Moody’s Analytics: During her presidency, the economy would create 10.4 million jobs, 3.2 million more than under current law.
Moody’s also cautioned that it’s highly unlikely Clinton would be able to enact all of her proposals.
Moody’s Analytics: Given the current political discord, it is reasonable to expect that the next Congress would put up substantial roadblocks to Secretary Clinton’s economic policy proposals. The current Republican-controlled Congress supports tax cuts and reform, and less non-military spending, not higher taxes and more spending. And it has been largely steadfast in its opposition to larger deficits. It is thus difficult to envisage any future Congress acquiescing to Secretary Clinton’s proposals. In this scenario, the next Congress makes the secretary’s proposals more politically workable. It would be a potential baseline, or most-likely scenario, if Secretary Clinton became president.
Under what it calls the “most-likely scenario,” Moody’s projects an economy under Clinton “similar to that experienced under current law” with more modest job growth. “Employment is as expected a bit higher,” the report states, than under current law. “By 2026, there are 1.5 million more jobs” than would be created under current policies.
Clinton accurately described the dire economic projection Moody’s forecast if Trump were able to implement all of his proposed policies at face value. If his policies were fully implemented, Moody’s predicts the economy would suffer an extended recession beginning in early 2018. The policies would also result in 3.4 million job losses over the course of Trump’s presidency. Under current law, the report states, the economy would otherwise be forecast to create 6 million jobs over the same period. In other words, that’s a swing of more than 9 million jobs.

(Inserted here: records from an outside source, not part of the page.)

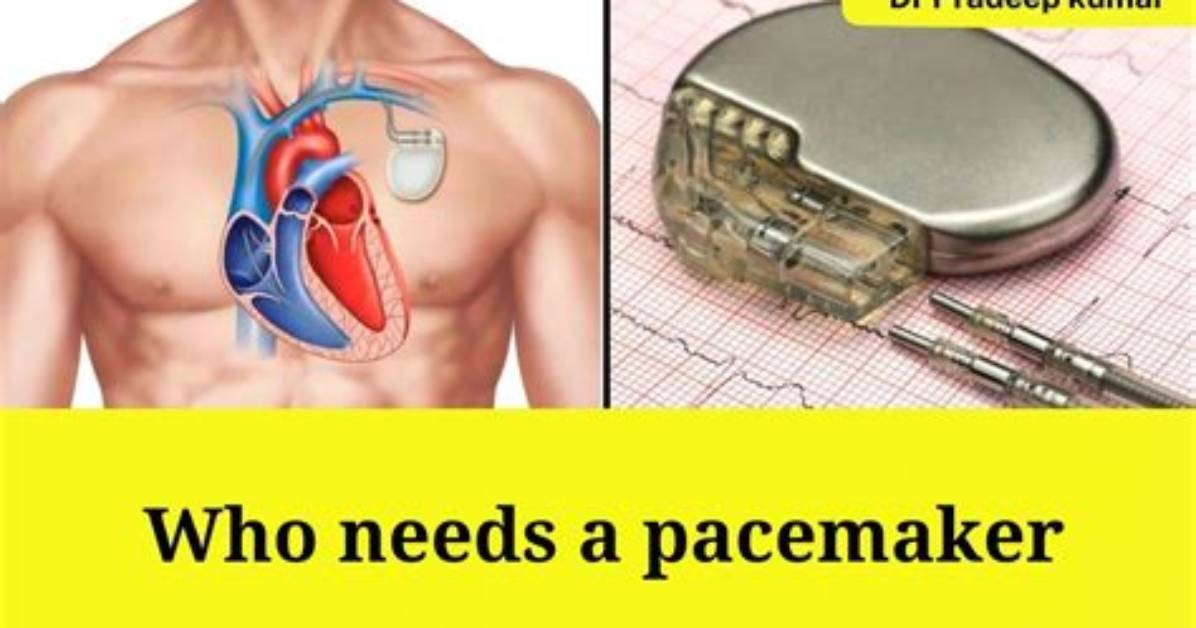 Who Needs a Pacemaker?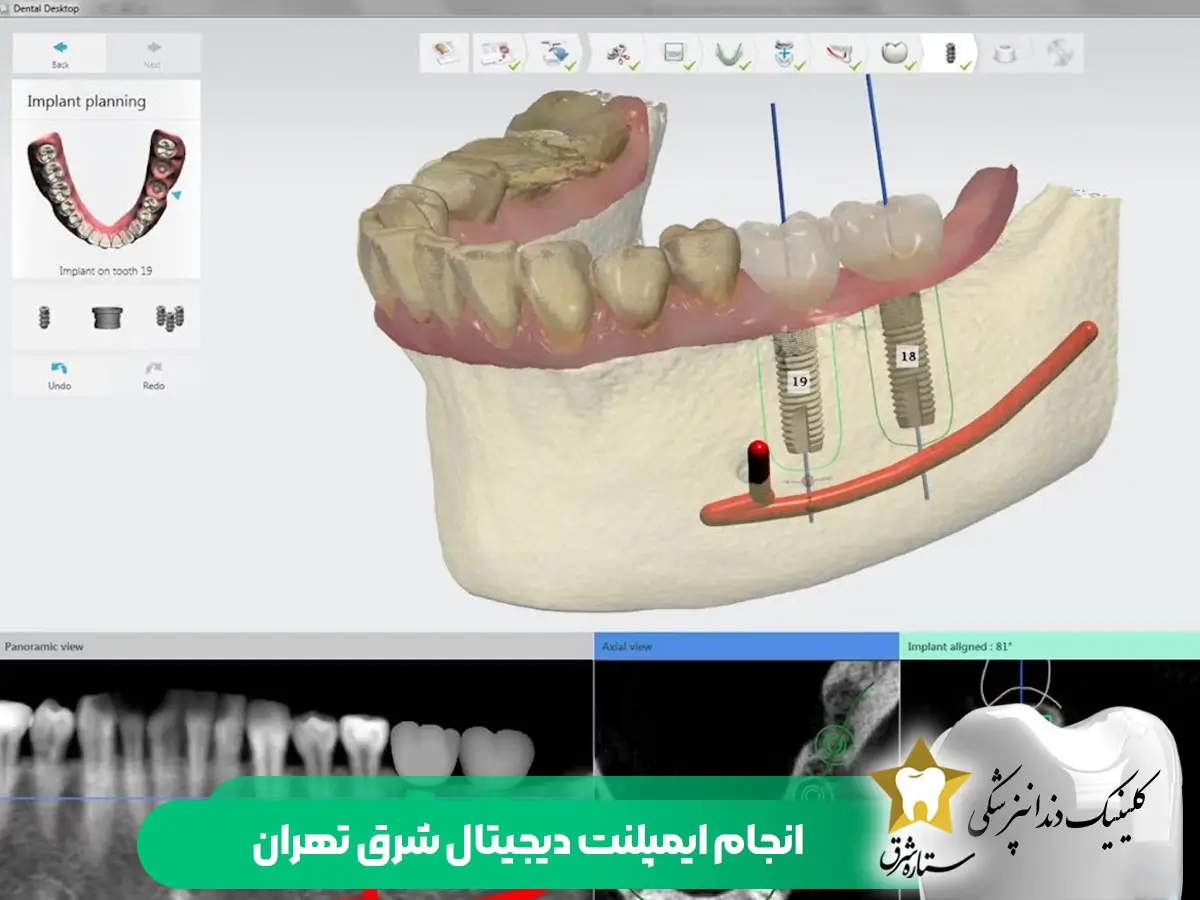 انجام ایمپلنت دیجیتال شرق تهران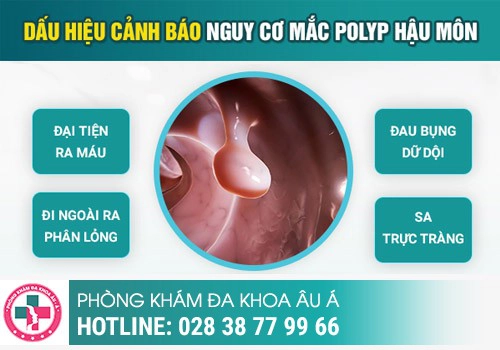 Sưng đau hậu môn là bệnh gì?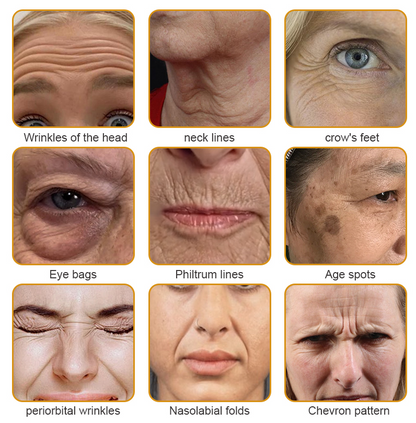 Mayo Clinic Official:🥇🥇 APKAPK™ Bee Venom Skin Treatment Cream, Anti-aging, Hydrating, Skin Repair, Even Tone, Acne and Dark Spot Treatment, Wart and Mole Removal, Psoriasis Relief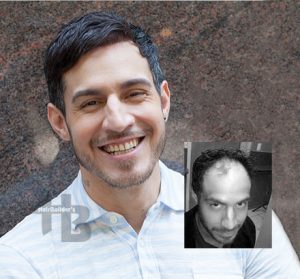 male hair loss replacement vermont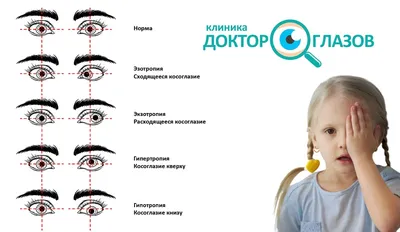 Лечение косоглазия у детей в Москве без операции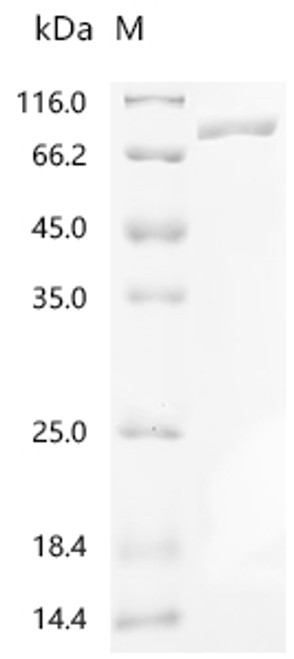 Recombinant Human Propionyl-CoA carboxylase alpha chain, mitochondrial (PCCA) (CSB-EP017522HU)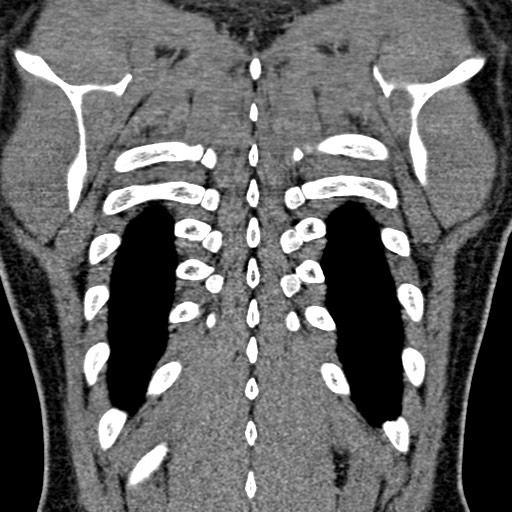 Apical lung mass mimic - neurogenic tumor (Radiopaedia 59918-67521 B 94).jpg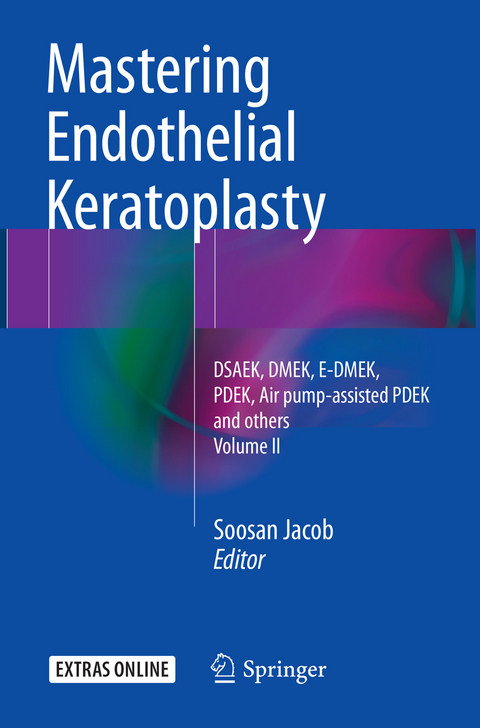 Mastering Endothelial Keratoplasty - 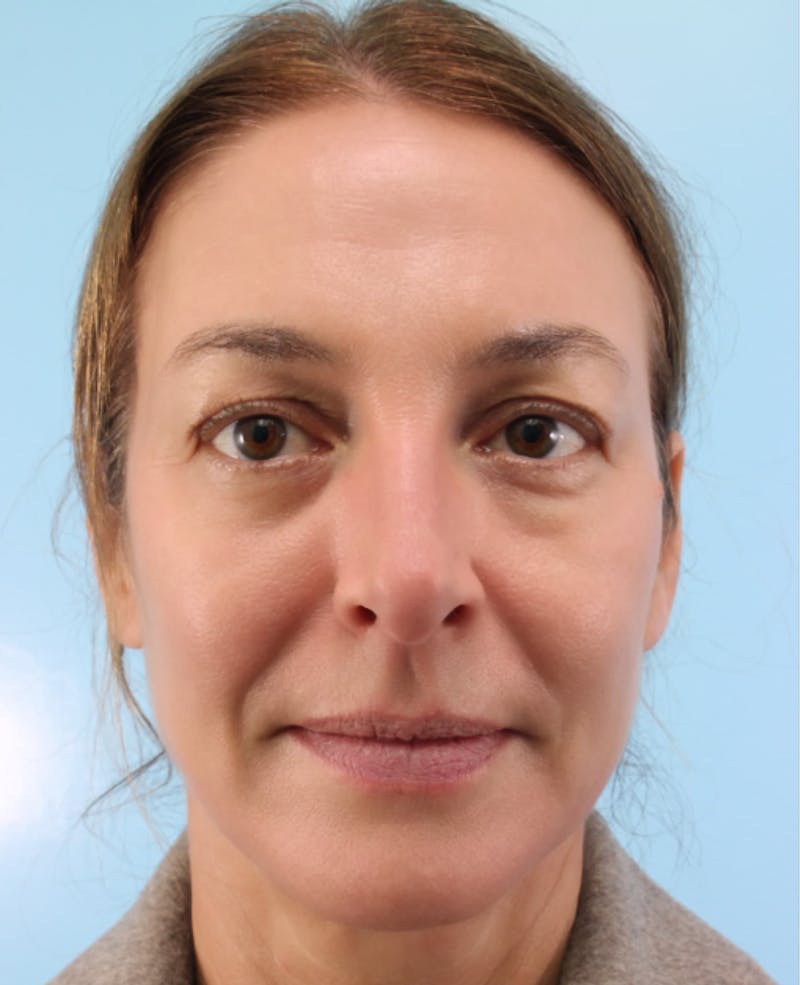 Lower Blepharoplasty Before & After Gallery - Patient 242425 - Image 1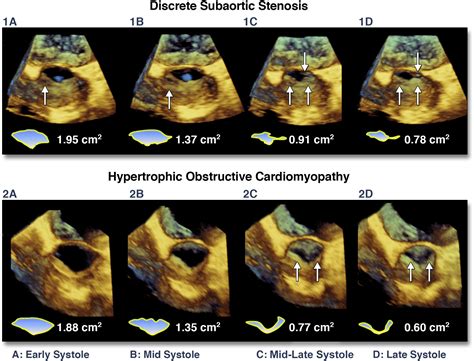 Lv Outflow Tract Area In Discrete Subaortic Stenosis And Hypertrophic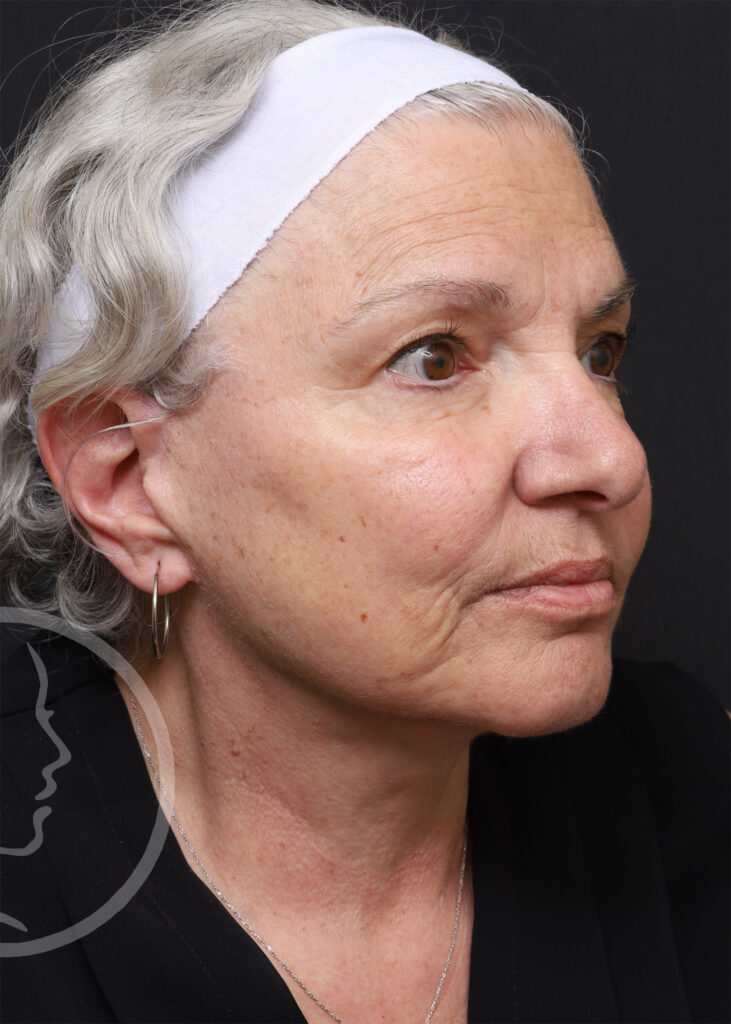 Plastic Surgery Before and After Pictures in Jacksonville, FL - Garcia Facial Plastic Surgery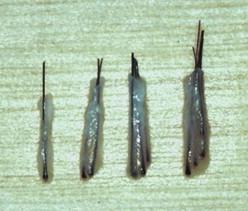 FIGURE 30.16, Dissected one-hair, two-hair, three-hair, and four-hair follicular units.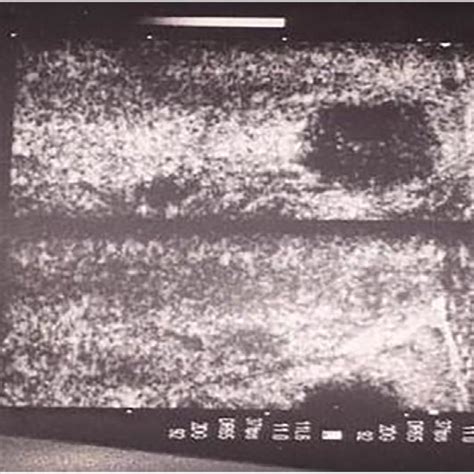 Mri Neck T1 And T2 Axial Images Show A Multilocular Cystic Lesion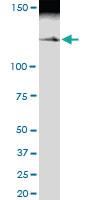 Anti-MYBBP1A Polyclonal Antibody Pair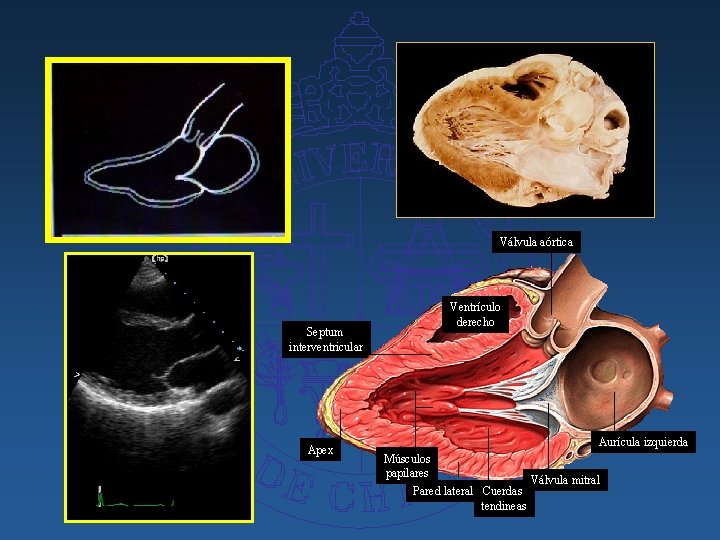 Válvula aórtica Ventrículo derecho Septum interventricular Apex Aurícula izquierda Músculos papilares Pared lateral Cuerdas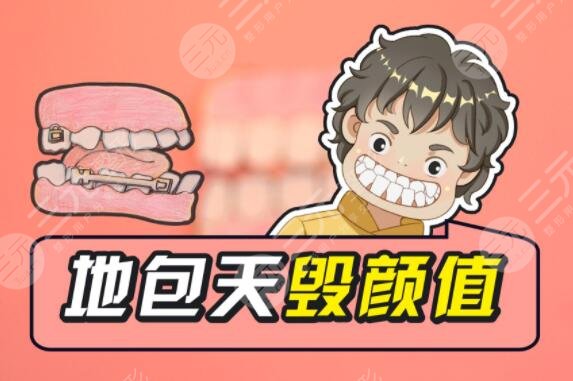 成人地包天手術(shù)整形的方式有哪些?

But as is the case with Clinton, Moody’s does not expect Congress will go along with all of Trump’s proposals. The jobs projection under the “most-likely scenario” under Trump is not as dire. According to this scenario, “Employment barely budges in the first two years, and over his four years as president just over 2.8 million jobs are created. This is about half as many jobs as would be created if there were no changes to current economic policy.”
In other words, under the most-likely scenario for both candidates in the Moody’s reports, a Clinton or Trump presidency would see job growth — though under Trump the job gains would be less than under Clinton.